Inventory HTML page to a CSV file

January 07, 2023

As a New Year’s resolution, not mine, they wanted to make sure their online store, reseller site, inventory was up to date. They wanted to make sure their inventory was cleaned up and make sure that what’s listed on the site matches their own inventory. They had been doing this for several years, with different people helping out at times; this isn’t there full-time job.

They needed a spreadsheet with the important info of their inventory, they couldn’t find a way to get a spreadsheet from their online reseller location and asked me late on Dec. 31 if I could create one from the HTML files they downloaded by Jan 3. This only gave me 2 days along with another New Year’s resolution project for somebody else to get done.

The request:

The spreadsheet needed to show:
The item name; Quantity; SKU #; Status
Needed to be open in Excel
Had to get it done within 2 days

This project is more about turning code around quickly, a lot of the time you don’t have a lot of time to create the program, you just need to get it done. In cases like that you work to get the code to work then if you have time go back and clean it up as much as you can.

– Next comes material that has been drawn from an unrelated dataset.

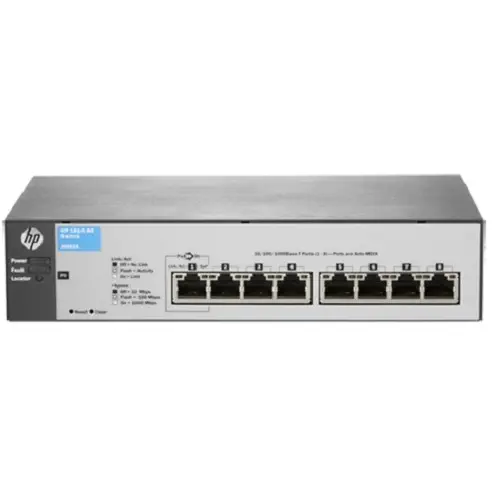 HP J9802A 1810-8G Gigabit Switch
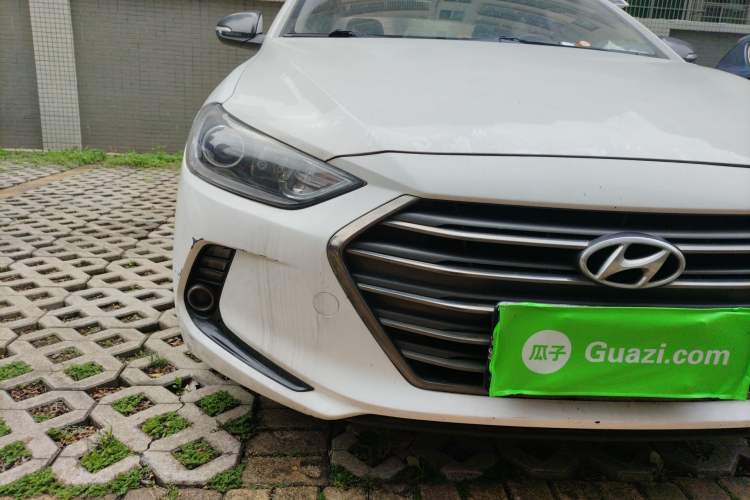 Used Hyundai Elantra (6th Generation / Lingdong) 2018 1.4T Dual-Clutch Xuan Dong · Dynamic Edition Right Front Headlight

When planning this out the first thought was, I had started to play with Selenium. This would cause too many issues I would need their password, then if there’s a 2nd verification system has to work with them to get that through. With how little they might be using this, the site might change so much by the next time that it would need rewritten and tested again, where just using the HTML files and update code, if needed, would be a faster approach.

First I decided to create a CSV file, Excel will open this file, and used some of the code I had already wrote for the gathering email addresses program:
https://www.lynnamacher.com/python-pull-email-addresses-to-csv-file/
This way I would have the basic structure setup for creating the CSV file right from the beginning.

Looking through the code I found that the elements ‘Item name’, ‘Quantity’ and ‘SKU’ where all on the same line. That made getting those easier then set the trigger for the line and pulled each element out into its separate variables. The ‘Status’ was off on its own line so had to check for that separately; this could have caused issues if these ‘Status’ words were used at the beginning of other lines.

The first big hurdle that happens when writing these to the CSV file it converted them into tuples with each blank elements so I would get 2 tuples like this: (‘Item Name’, ‘Quantity’, ‘SKU’, ‘’, ‘’) (‘’,  ’’, ’’, ’Status’). I worked with this for a time then converted the saves to add them to a list and then process the list when done. I might have been able to run over the tuples checking for non-null areas then pull those to write. This won’t work very well if we were looking at hundreds of pages to process, but for these few it was fine.

When processing the list, I pulled the items out and increased the count by 1 at the end of each element to help keep track quicker. If there would have been times where there could be empty values passed, I could have looked as lists inside the list, or pass a blank (‘’). Then wrote the line and pulled the next from the list that has already been counted out. There’s a lot I could have cleaned up here, but it’s easy to read and a simple enough program to read through.

In the end I was able to get both projects done before Tuesday, Jan. 3. While it might not be the best written or cleanest code, it’s working code. For simple one-time projects this is what is needed, the clients won’t want to pay you for hours of making it clean and showing off how you can have 20 lines of code written in 1 line; mostly they won’t care how it looks for a simple one-time project as long as it works. If running on a server, part of a bigger application or for another programmer which this isn’t, then having code cleaned up and able to be processed fast using as few resources is preferred, where spending the extra time is needed.